## Problem requirements
In the listing that follows, give every line again exactly and omit the pictures.

## Data to process
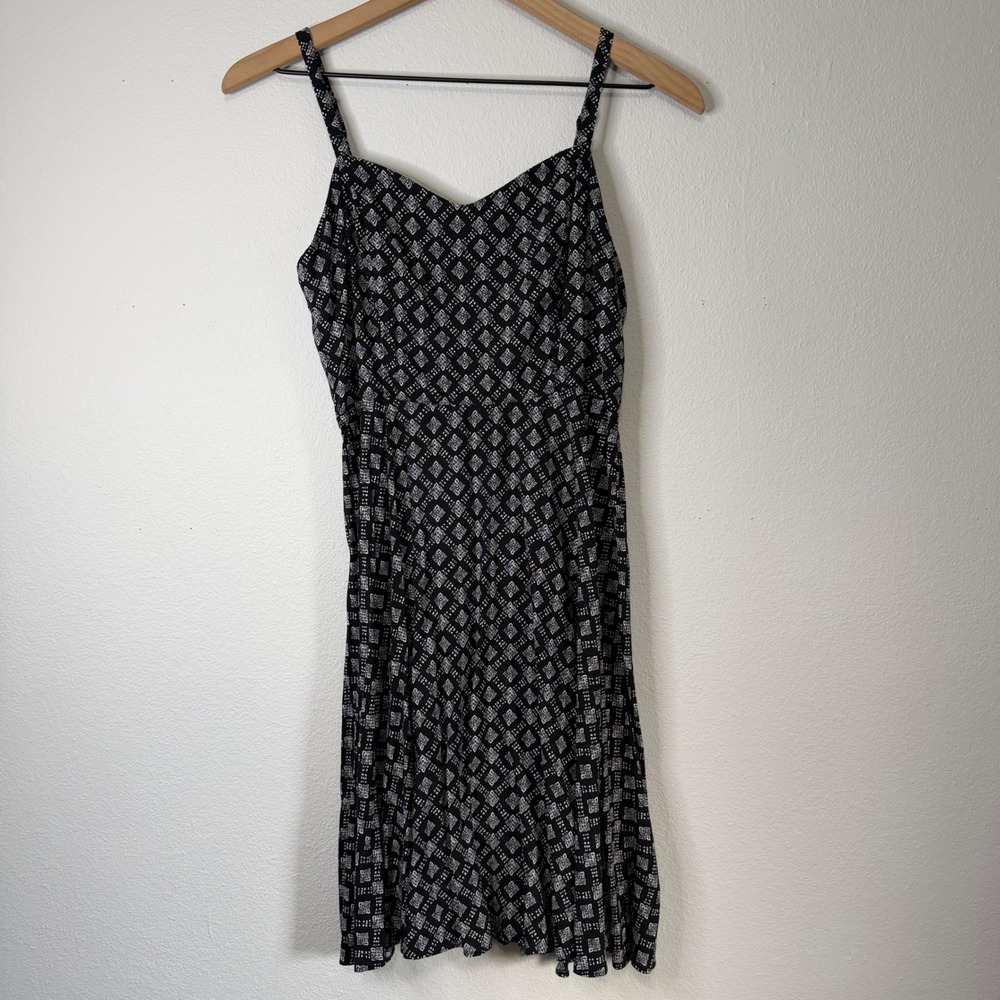 Old Navy - Fit & Flare Cami Dress Black and White Size Medium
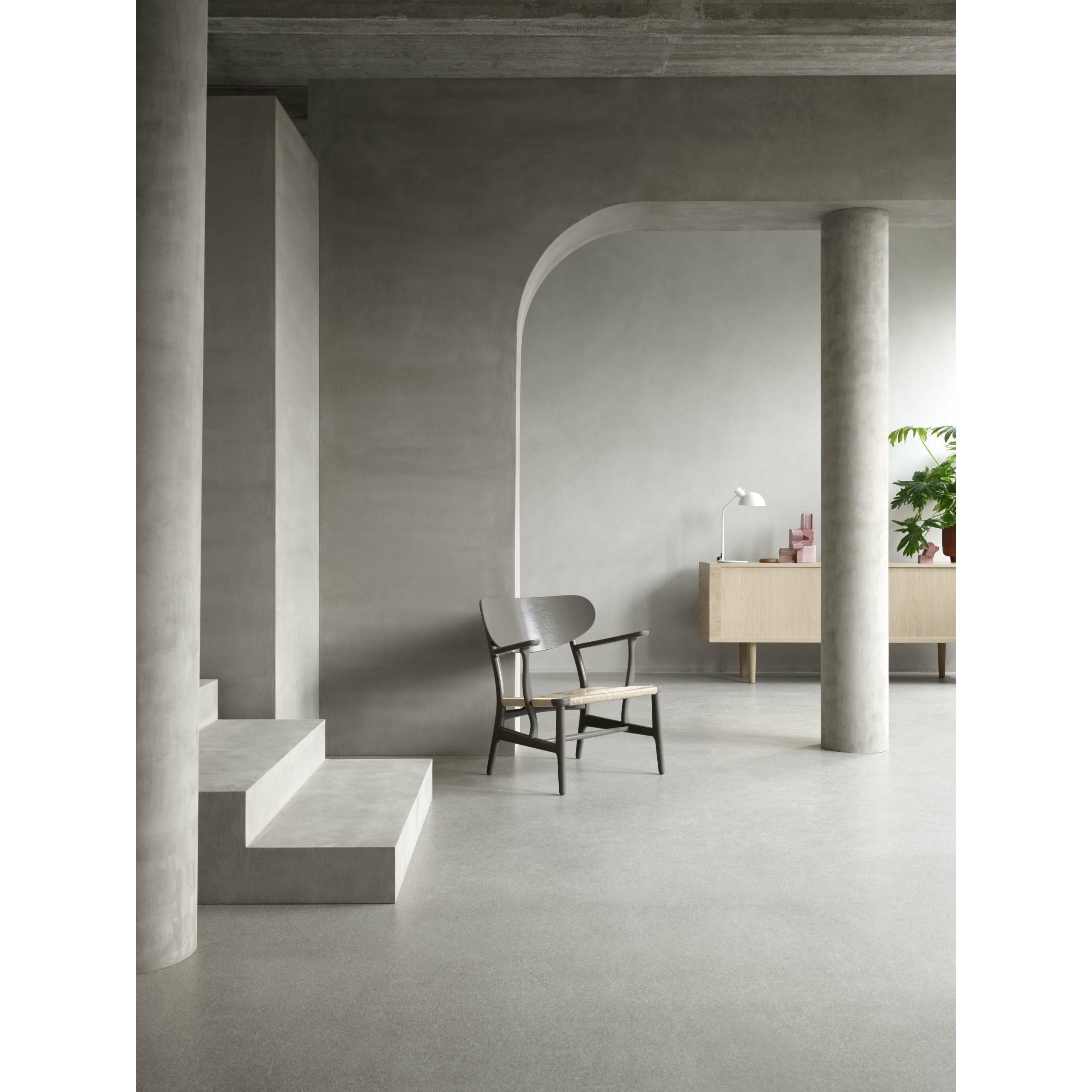 Karla Hansen CH22 Lounge Chair Oak, břidlicová hnědá/přírodní proutěný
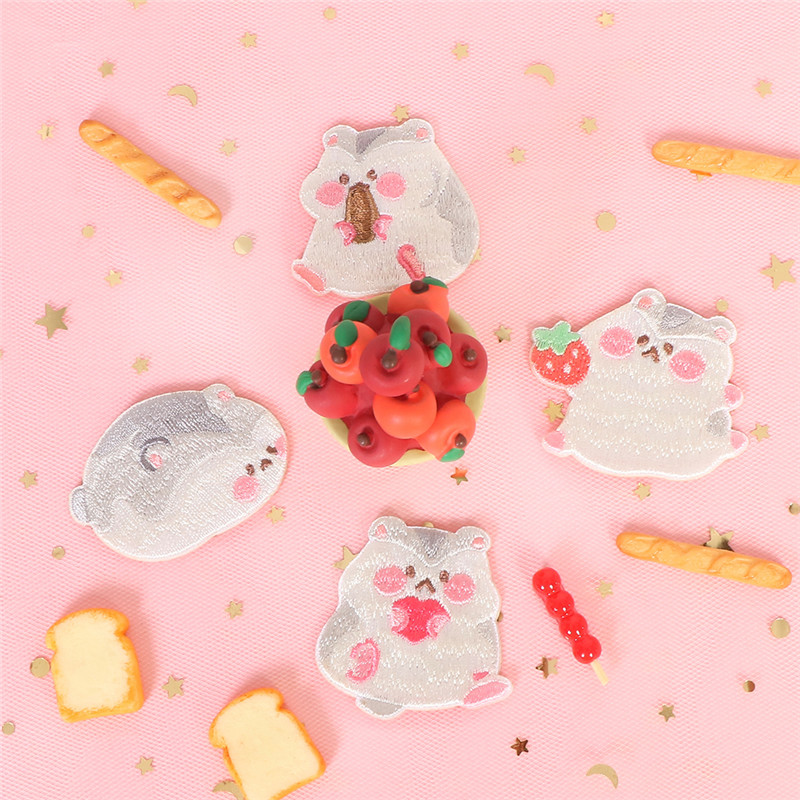 小仓鼠可爱卡通布贴衣服补丁贴刺绣贴儿童羽绒服破洞自粘免缝贴布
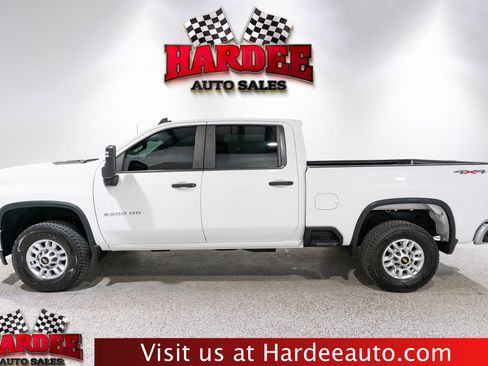 Used 2021 Chevrolet Silverado 2500 W/T w/ WT Fleet Convenience Package AWD/4WD image 1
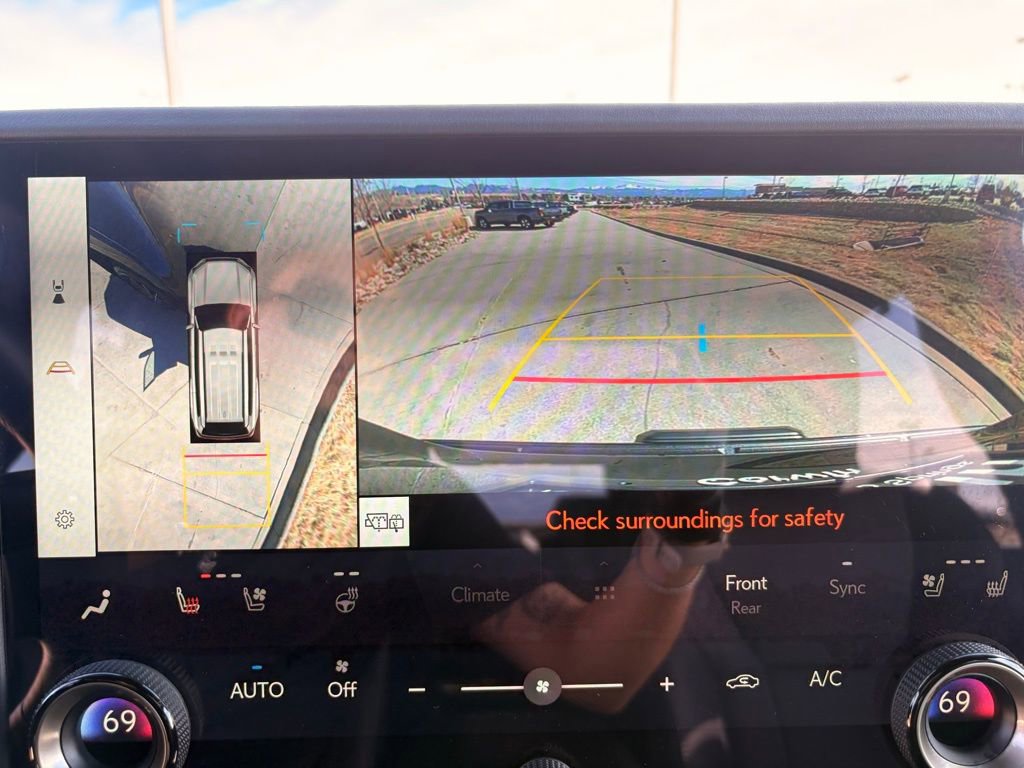 Used 2024 Lexus GX 550 w/ Accessory Package (2T) image 18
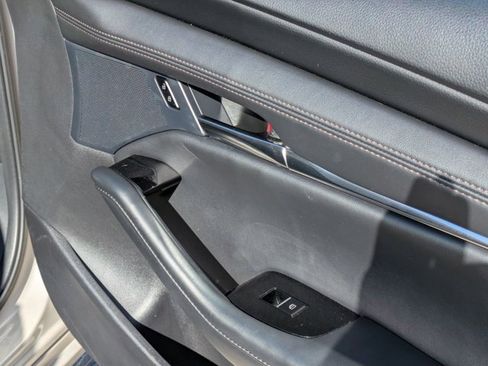 Used 2025 MAZDA MAZDA3 s image 27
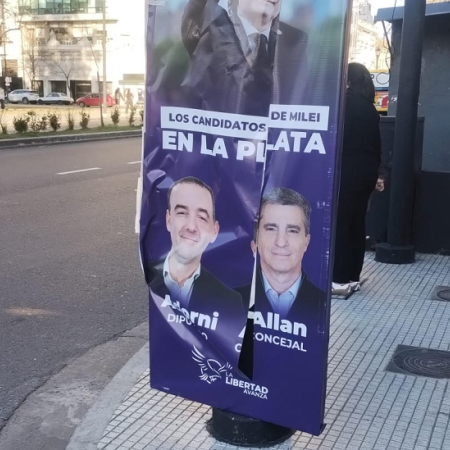 En La Plata, LLA denuncia violencia política y rotura de carteles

## Task output
 Old Navy - Fit & Flare Cami Dress Black and White Size Medium
 Karla Hansen CH22 Lounge Chair Oak, břidlicová hnědá/přírodní proutěný
 小仓鼠可爱卡通布贴衣服补丁贴刺绣贴儿童羽绒服破洞自粘免缝贴布
 Used 2021 Chevrolet Silverado 2500 W/T w/ WT Fleet Convenience Package AWD/4WD image 1
 Used 2024 Lexus GX 550 w/ Accessory Package (2T) image 18
 Used 2025 MAZDA MAZDA3 s image 27
 En La Plata, LLA denuncia violencia política y rotura de carteles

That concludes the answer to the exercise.